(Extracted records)

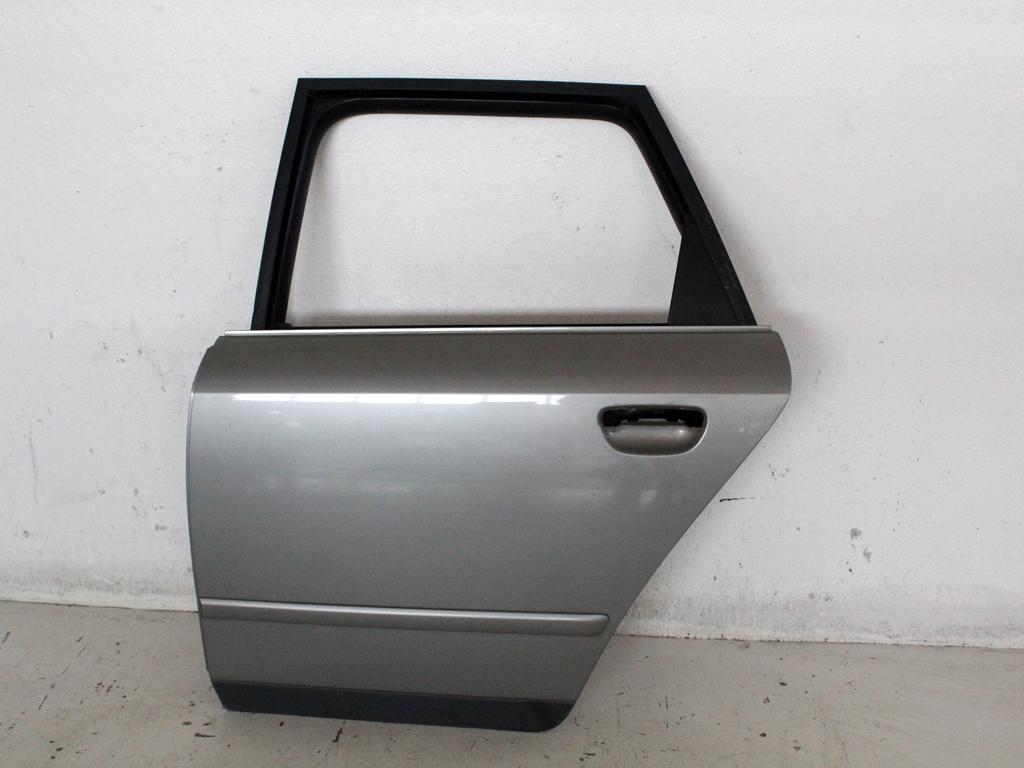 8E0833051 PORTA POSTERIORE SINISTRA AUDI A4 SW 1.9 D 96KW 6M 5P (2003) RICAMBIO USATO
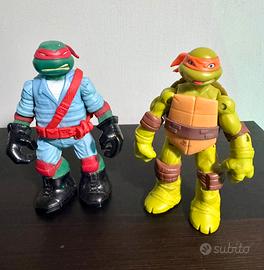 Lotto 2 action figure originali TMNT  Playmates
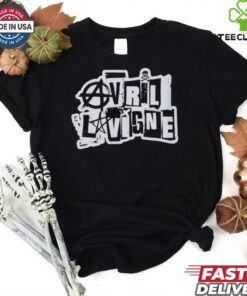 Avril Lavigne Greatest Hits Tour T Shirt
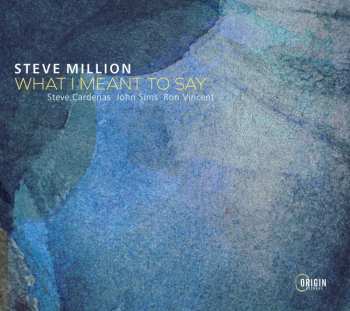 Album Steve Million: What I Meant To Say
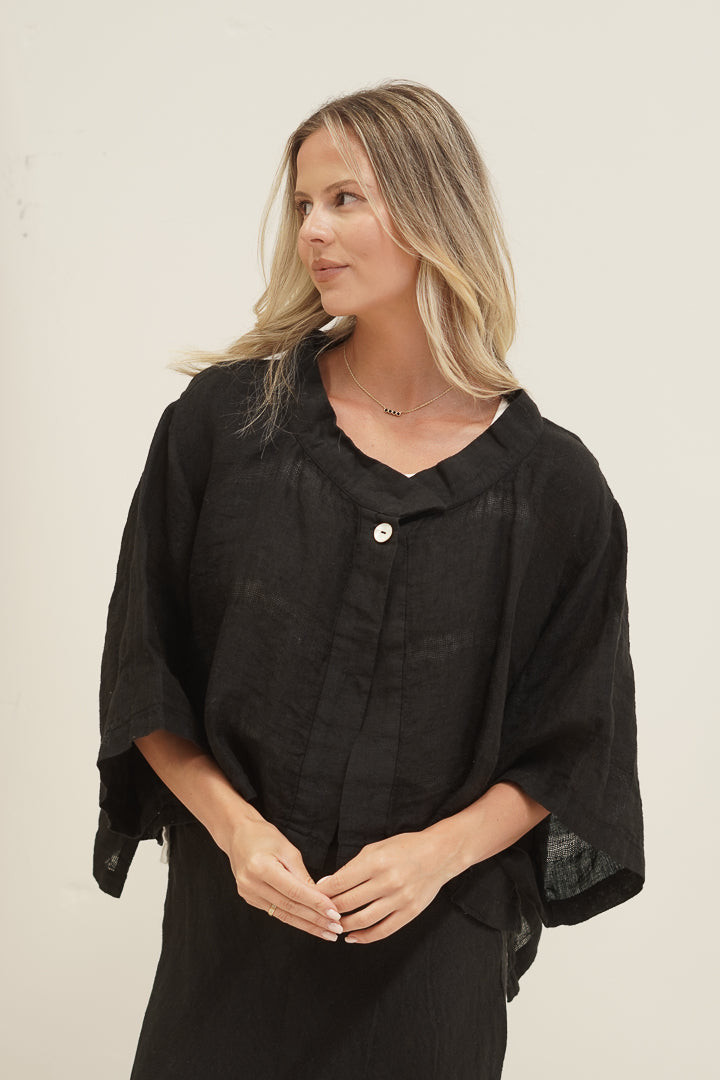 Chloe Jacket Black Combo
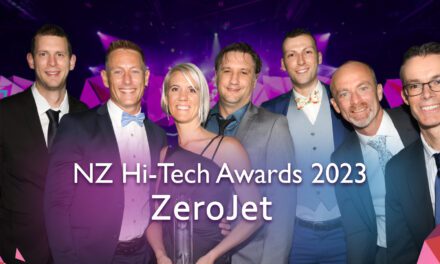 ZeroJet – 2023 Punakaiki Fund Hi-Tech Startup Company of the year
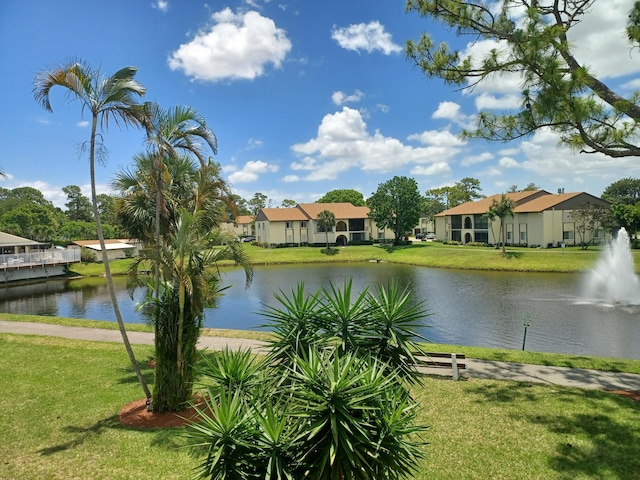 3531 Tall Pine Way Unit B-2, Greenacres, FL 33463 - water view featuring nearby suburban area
---
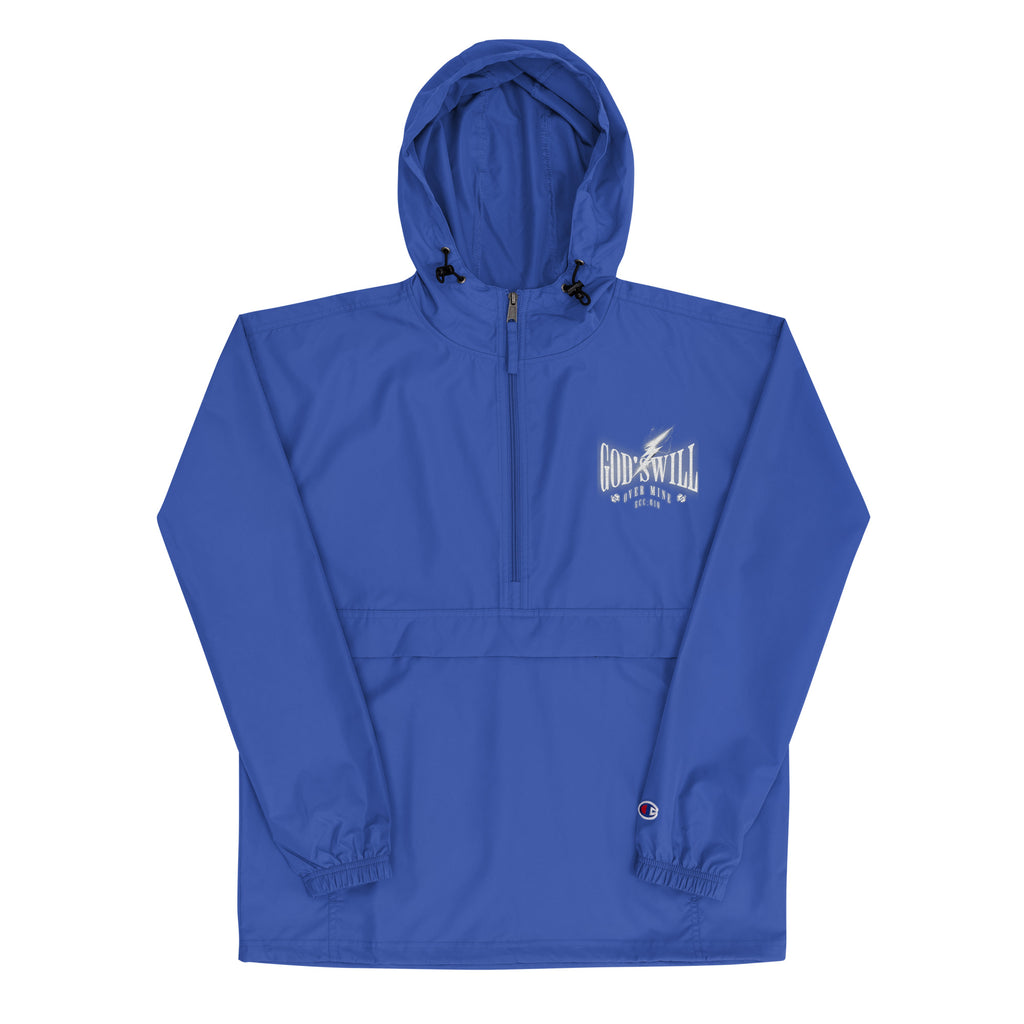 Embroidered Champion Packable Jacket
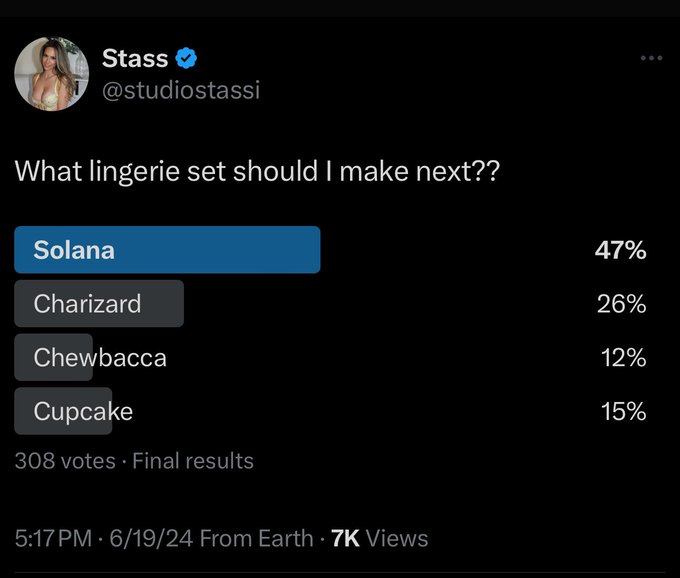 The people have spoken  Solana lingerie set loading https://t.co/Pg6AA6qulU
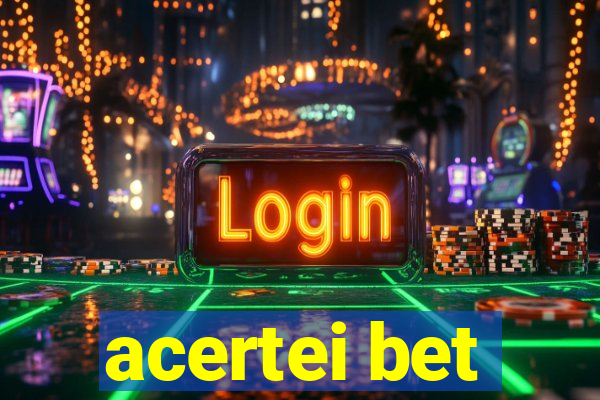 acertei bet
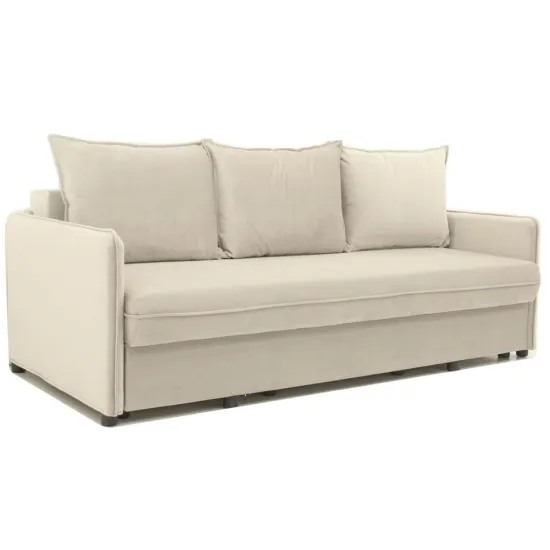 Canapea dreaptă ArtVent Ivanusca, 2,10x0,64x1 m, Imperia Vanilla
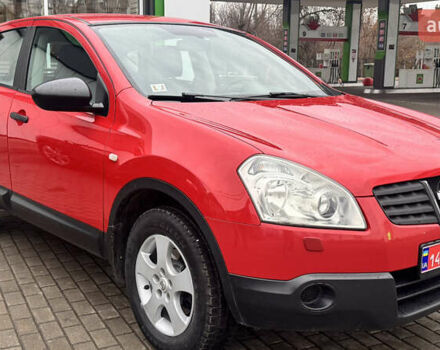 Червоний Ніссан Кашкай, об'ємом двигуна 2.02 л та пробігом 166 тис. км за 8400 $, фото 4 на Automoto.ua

Work instructions: All lines above from the one containing "ZeroJet – 2023" up to and including the one containing "3531 Tall Pine" are to be set down exactly, and nothing else. Leave images out.

Answer for the task:
 ZeroJet – 2023 Punakaiki Fund Hi-Tech Startup Company of the year
 3531 Tall Pine Way Unit B-2, Greenacres, FL 33463 - water view featuring nearby suburban area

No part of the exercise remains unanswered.